— DESCRIPTION OF THE TASK —
For the records below, output word for word the lines from the one with "MLS: 2226998 Condo For Sale" up to and including the one with "Pre-owned Chanel Calfskin". No pictures.

***** EXERCISE INPUTS

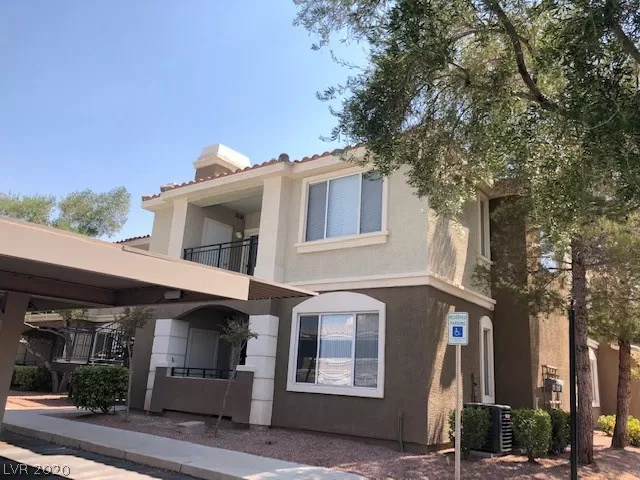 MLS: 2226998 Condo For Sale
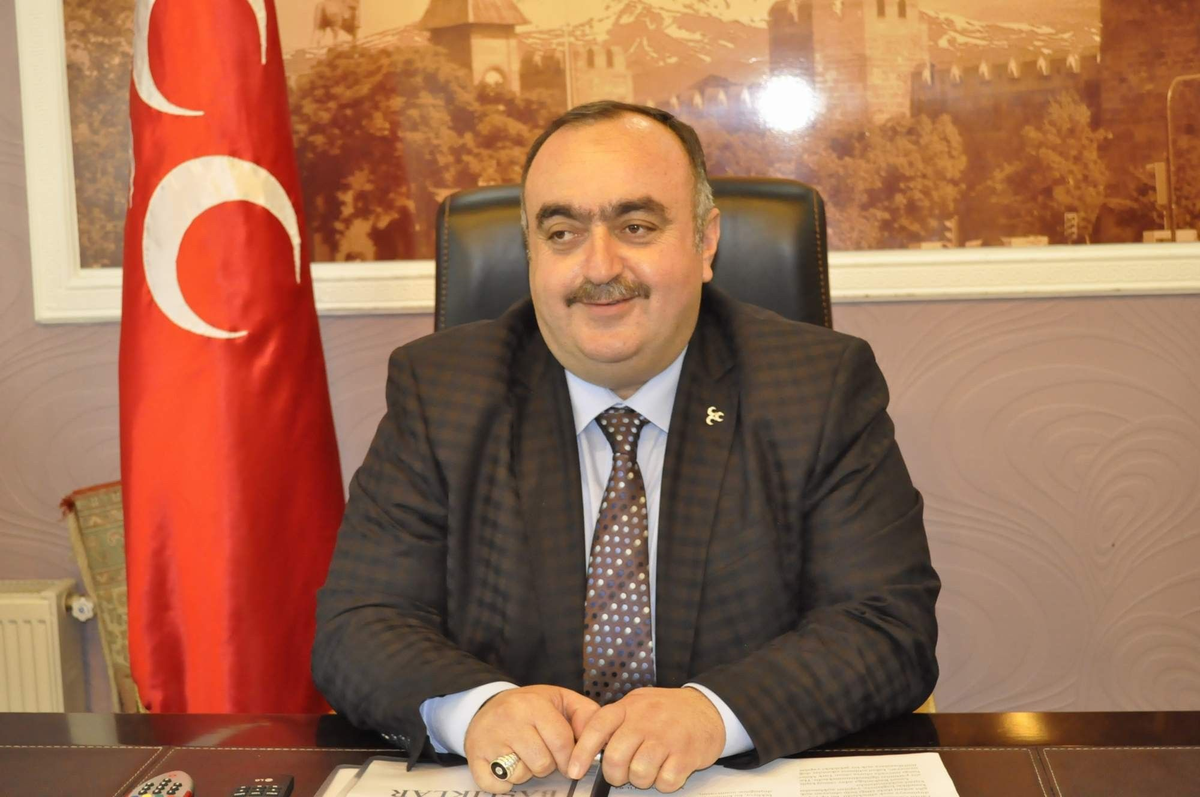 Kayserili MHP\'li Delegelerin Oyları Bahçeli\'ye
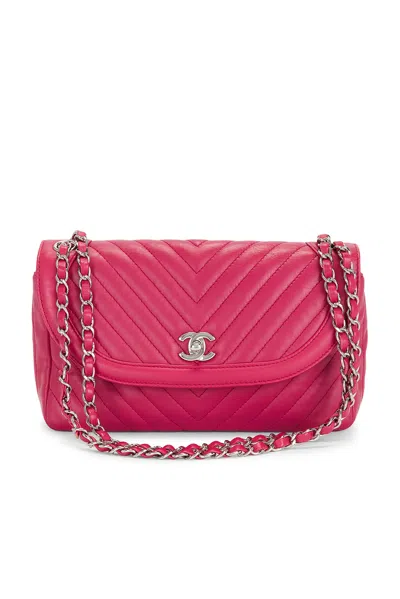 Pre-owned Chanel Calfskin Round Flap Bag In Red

**********
***** EXERCISE INPUTS

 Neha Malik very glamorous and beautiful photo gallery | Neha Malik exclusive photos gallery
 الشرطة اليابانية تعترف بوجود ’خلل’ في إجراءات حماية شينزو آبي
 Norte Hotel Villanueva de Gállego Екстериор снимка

**********

— RESPONSE AREA —
 MLS: 2226998 Condo For Sale
 Kayserili MHP\'li Delegelerin Oyları Bahçeli\'ye
 Pre-owned Chanel Calfskin Round Flap Bag In Red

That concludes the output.